Кто хотел — купался в яблочном озерце. А вокруг стояли длинные столы, на которых горами лежали всякие яства, приготовленные с участием яблок — начиная от простых, но необыкновенно вкусных пирогов, и кончая целыми сладкими замками — над которыми хоббитские хозяюшки провели немало часов. Каждый из столов относился к какому-либо семейству, и каждый мог переходить от одного к другому и есть, сколько угодно. Хоббиты и ходили, и ели — и есть им было очень угодно. Многие, даже, готовясь к празднику, позавтракали не так плотно, как обычно.
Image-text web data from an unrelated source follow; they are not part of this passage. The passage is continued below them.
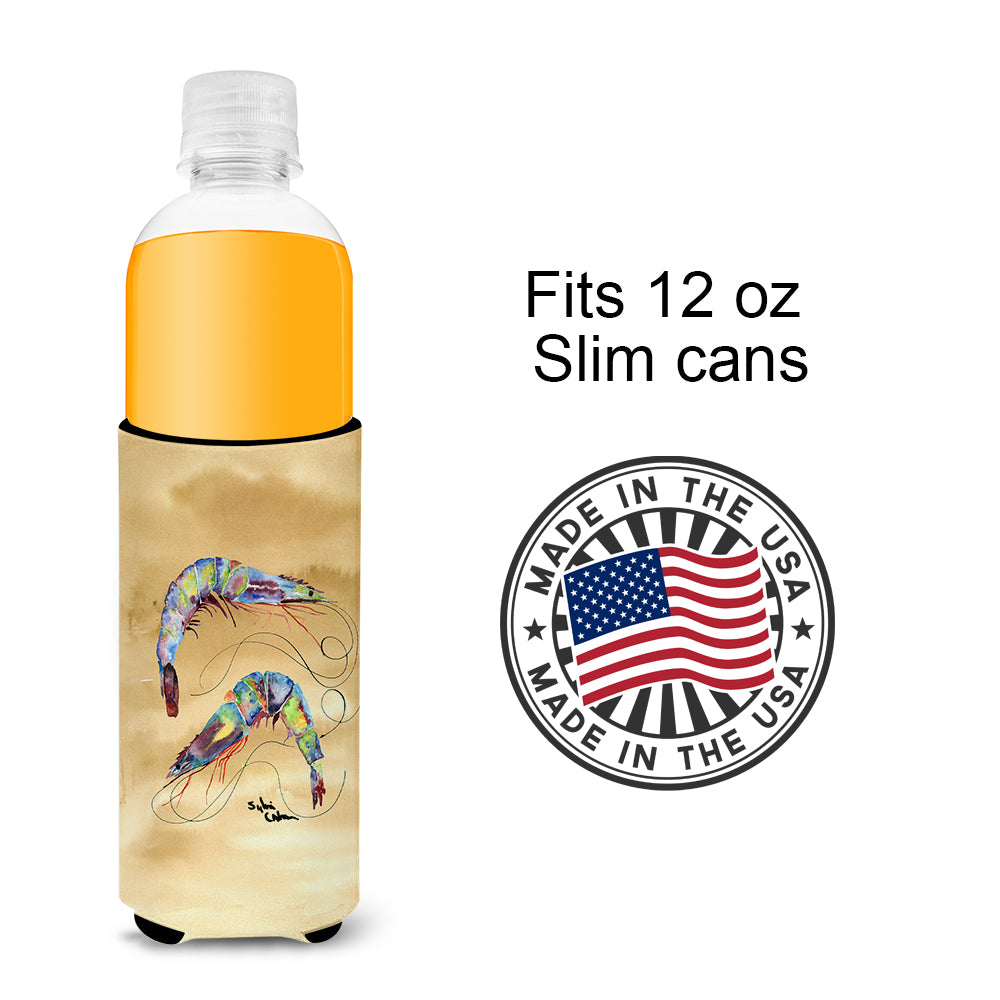 Shrimp  Sandy Beach Ultra Beverage Insulators for slim cans 8158MUK.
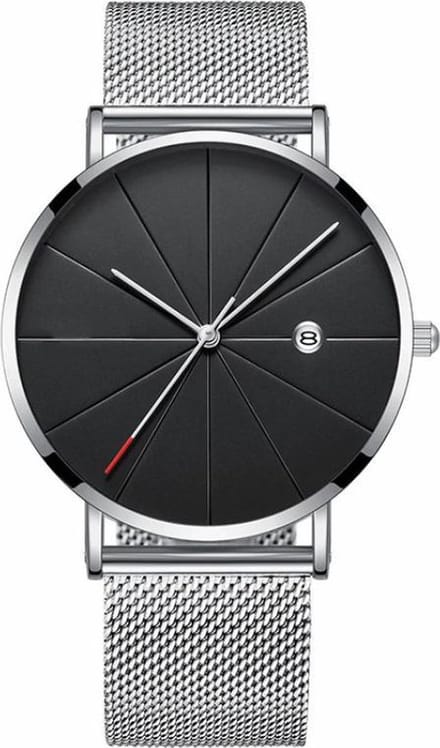 Fako - Horloge - Mesh - Chicago - 40mm - Zilver/Zwart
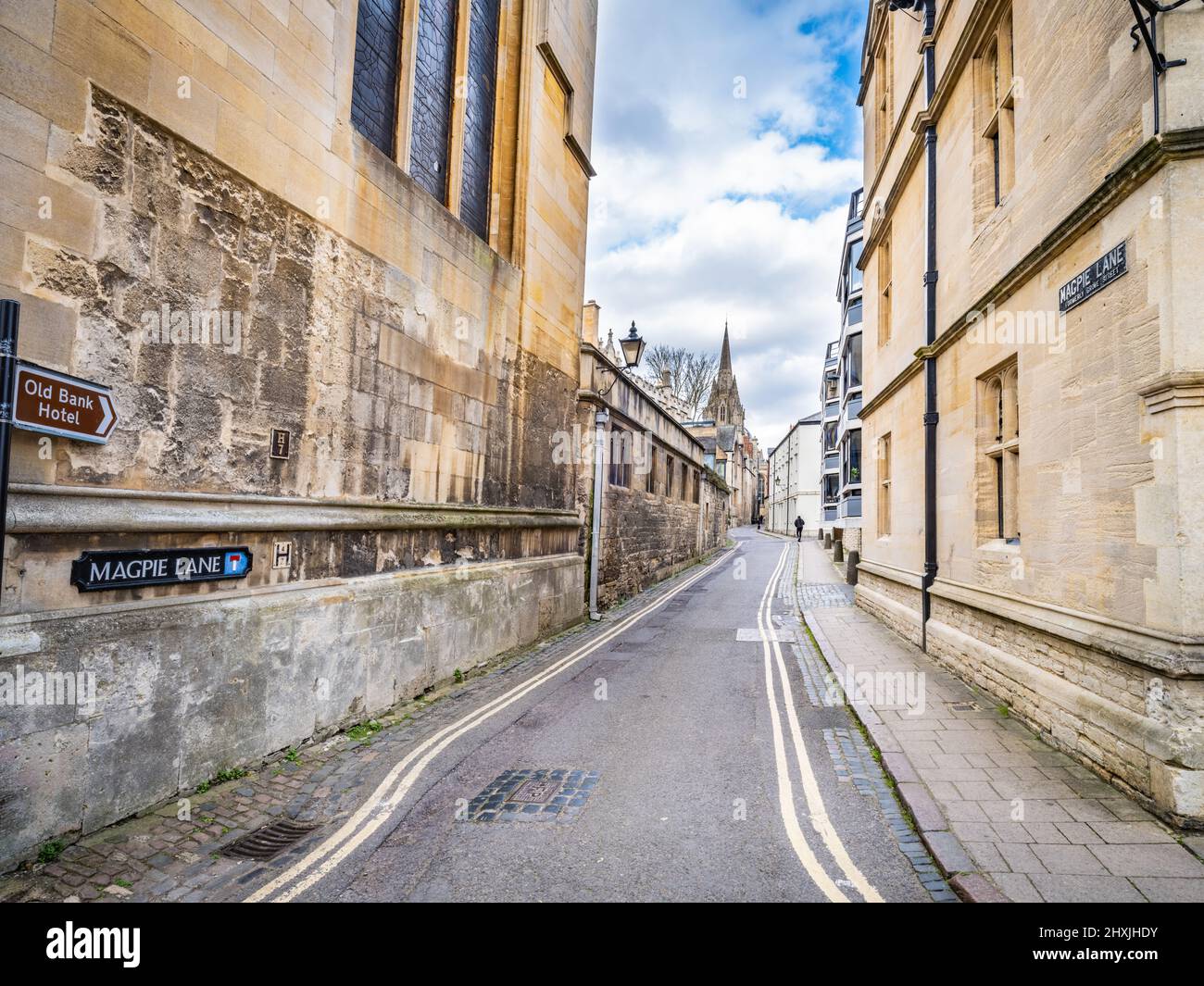 Magpie Lane in The University City of Oxford,  has a less than salubrious past. Known for it's prostitution. Stock Photo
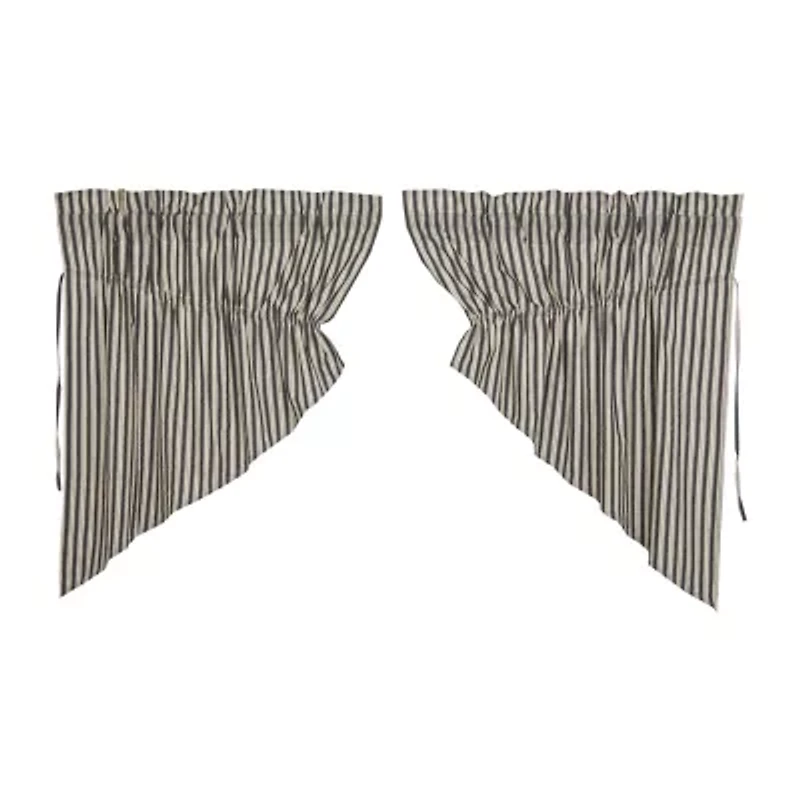 Vhc Brands Ashmont Ticking Prare Swag Rod Pocket Valance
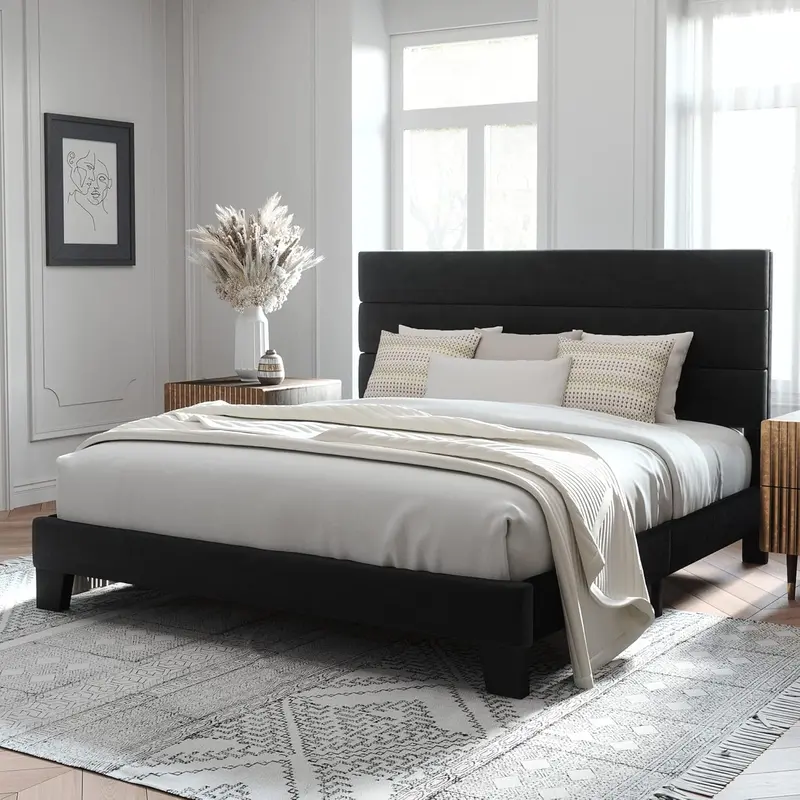 Upholstered Queen Platform Bed – Soft-Fabric Headboard Frame with Reinforced Solid Wood Slats
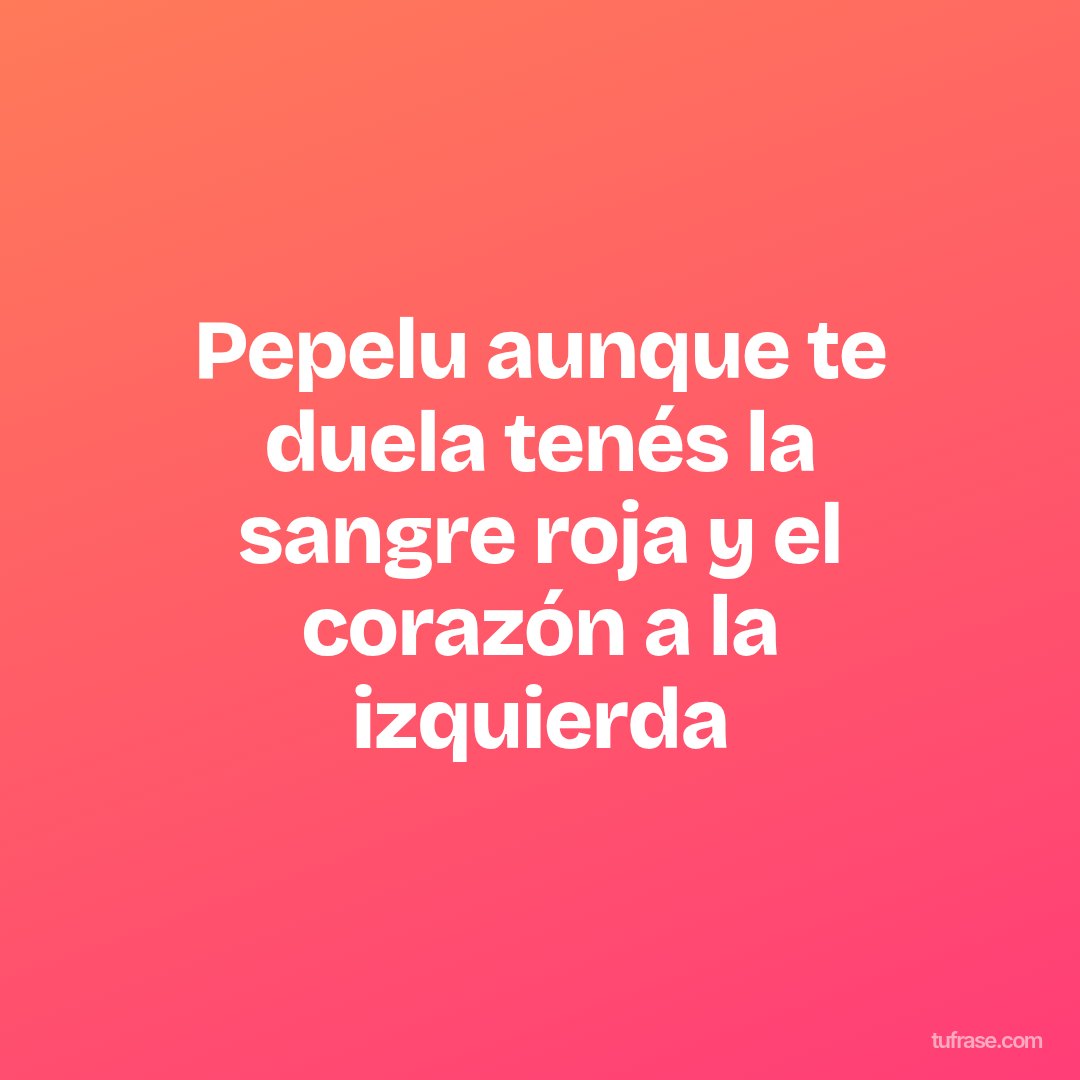 Pepelu aunque te duela tenés la sangre roja y el corazón a la izquierda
В дальнем году какой-то хоббит предложил выбирать лучшее блюдо и награждать победителя, однако, его посчитали за чудака. Да и, право, зачем нужно было выбирать что-то лучшее, когда и так все было хорошо. К тому же — выбирать одного, значит обижать кого-то — ведь, старались то все одинаково…

Хоббиты ели, сидя на крендельных лавочках, ели на траве, ели переходя от стола к столу — ныряли в яблочный бассейн, чтобы освежиться, и снова ели. Беззаботный смех лился со всех сторон. Вон кто-то лежал на травке любуясь легкими облачками да яблочным пирогом угощаясь — и, казалось бы, и в иной день можно облачками полюбоваться и пирог поесть, какой же тут праздник? Ан нет — праздник в самом воздухе был! Праздник такой, что весь мир виделся им огромным яблоком! Праздник в том, что обычная их дружба переросла в братство — здесь все друг друга любили. Не праздник ли, когда все чувства самые добрые, и когда любишь всех тебя окружающих, до светлых слез?!